Add a cluster connection by import

Pentaho Data Integration

Version
9.3.x
Audience
anonymous
Part Number
MK-95PDIA003-15
You can create a new cluster by importing the site.xml files from an existing cluster. Perform the following steps to create a cluster by import.
  1. In the PDI client, create a new job or transformation or open an existing one.
  2. Click the View tab and then right-click the Hadoop Clusters folder.
  3. Click Import cluster.
    The Hadoop Clusters dialog box appears.
    Hadoop Clusters Import dialog
  4. Enter a user-defined name to assign the cluster connection in the Cluster name field.
    Characters allowed in the cluster name field are uppercase and lowercase letters, numbers, and hyphens.
    Note: Valid cluster names may include uppercase and lowercase letters, numbers, and hyphens. However, the cluster name cannot end with a hyphen. To ensure a valid cluster name, do not use any other symbols, punctuation characters, or blank spaces.

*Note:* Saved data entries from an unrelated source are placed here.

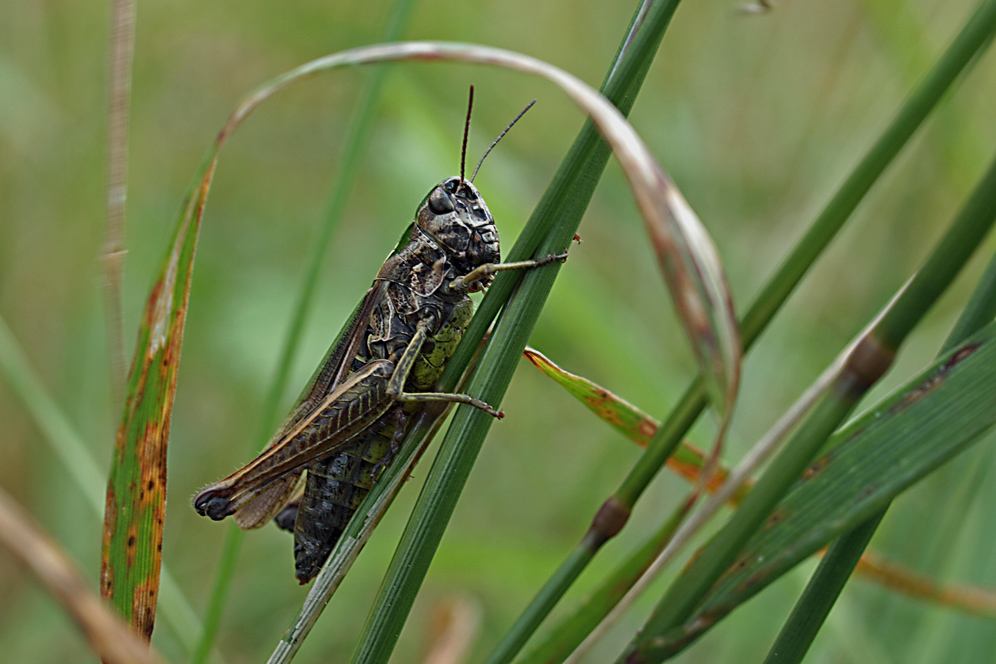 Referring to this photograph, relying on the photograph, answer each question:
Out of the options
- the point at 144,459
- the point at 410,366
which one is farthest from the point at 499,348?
the point at 410,366

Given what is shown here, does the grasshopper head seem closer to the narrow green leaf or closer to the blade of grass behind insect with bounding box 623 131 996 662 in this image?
the narrow green leaf

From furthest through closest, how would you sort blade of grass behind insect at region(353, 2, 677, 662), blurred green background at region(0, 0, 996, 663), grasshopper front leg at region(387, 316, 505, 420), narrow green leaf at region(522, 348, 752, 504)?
blurred green background at region(0, 0, 996, 663) → grasshopper front leg at region(387, 316, 505, 420) → narrow green leaf at region(522, 348, 752, 504) → blade of grass behind insect at region(353, 2, 677, 662)

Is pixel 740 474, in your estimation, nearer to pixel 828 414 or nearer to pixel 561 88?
pixel 828 414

    After you create the connection, you can locate this named connection in the View tab on the PDI client.
  5. Use the Driver and Version options to select the distribution of Hadoop on your cluster and its version number. The Hitachi Vantara Lumada and Pentaho Support Portal provides drivers that you can download and install for supported versions of Amazon EMR, Cloudera, Google Dataproc, and Hortonworks.
  6. Click Browse to add file(s) and browse to the directory containing the site.xml files that were provided to you by your cluster administrator.
    The required files include:
    • hive-site.xml
    • mapred-site.xml
    • yarn-site.xml
    • core-site.xml
    • hbase-site.xml
    • hdfs-site.xml
    • oozie-site.xml (if you are using Oozie in your configuration)
  7. Click Open.
    The Site XML files section displays the files you selected.
  8. Enter your user name and password in the HDFS section if you are connecting to a secure cluster.
  9. Click Next and specify the security option for your cluster.